Source records:
# # # #

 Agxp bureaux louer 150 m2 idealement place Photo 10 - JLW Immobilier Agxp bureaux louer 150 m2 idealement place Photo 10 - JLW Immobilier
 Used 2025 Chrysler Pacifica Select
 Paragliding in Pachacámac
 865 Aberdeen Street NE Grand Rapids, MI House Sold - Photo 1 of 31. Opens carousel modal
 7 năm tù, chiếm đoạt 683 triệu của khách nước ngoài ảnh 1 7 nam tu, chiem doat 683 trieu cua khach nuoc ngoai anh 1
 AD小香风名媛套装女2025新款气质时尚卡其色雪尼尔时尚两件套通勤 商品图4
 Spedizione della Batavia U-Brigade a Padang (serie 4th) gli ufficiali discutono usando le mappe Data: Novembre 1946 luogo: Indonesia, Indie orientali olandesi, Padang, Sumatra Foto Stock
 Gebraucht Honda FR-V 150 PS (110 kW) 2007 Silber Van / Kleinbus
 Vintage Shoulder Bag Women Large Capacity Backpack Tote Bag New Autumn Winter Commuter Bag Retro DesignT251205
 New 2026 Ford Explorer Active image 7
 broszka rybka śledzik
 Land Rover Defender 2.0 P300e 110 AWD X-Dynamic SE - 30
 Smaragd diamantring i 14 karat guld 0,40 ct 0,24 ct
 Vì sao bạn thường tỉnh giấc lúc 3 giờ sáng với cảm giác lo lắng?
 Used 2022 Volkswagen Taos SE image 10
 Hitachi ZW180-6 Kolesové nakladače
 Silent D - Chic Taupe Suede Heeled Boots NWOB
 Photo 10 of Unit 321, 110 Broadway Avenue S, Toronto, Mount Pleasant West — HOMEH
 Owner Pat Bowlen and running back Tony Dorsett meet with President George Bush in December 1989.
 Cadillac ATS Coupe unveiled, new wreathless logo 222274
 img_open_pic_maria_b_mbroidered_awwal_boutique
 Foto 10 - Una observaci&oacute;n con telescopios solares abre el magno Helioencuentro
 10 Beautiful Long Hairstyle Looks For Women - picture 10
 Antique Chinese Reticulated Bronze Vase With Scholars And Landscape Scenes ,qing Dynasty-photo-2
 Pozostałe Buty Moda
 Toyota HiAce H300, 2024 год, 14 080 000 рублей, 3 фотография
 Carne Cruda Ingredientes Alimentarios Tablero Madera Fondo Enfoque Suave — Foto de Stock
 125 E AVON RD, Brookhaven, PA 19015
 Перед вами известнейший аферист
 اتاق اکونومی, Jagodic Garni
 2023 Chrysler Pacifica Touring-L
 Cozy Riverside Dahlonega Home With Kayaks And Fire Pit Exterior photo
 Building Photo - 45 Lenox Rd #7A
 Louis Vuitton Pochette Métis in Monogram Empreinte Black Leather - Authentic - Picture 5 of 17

# # # #

▸ **WORK REQUEST**: Check each line of the records for the string "Stock" and copy those that have it.

▸ **RESPONSE FOR THIS EXERCISE**:
 Spedizione della Batavia U-Brigade a Padang (serie 4th) gli ufficiali discutono usando le mappe Data: Novembre 1946 luogo: Indonesia, Indie orientali olandesi, Padang, Sumatra Foto Stock
 Carne Cruda Ingredientes Alimentarios Tablero Madera Fondo Enfoque Suave — Foto de Stock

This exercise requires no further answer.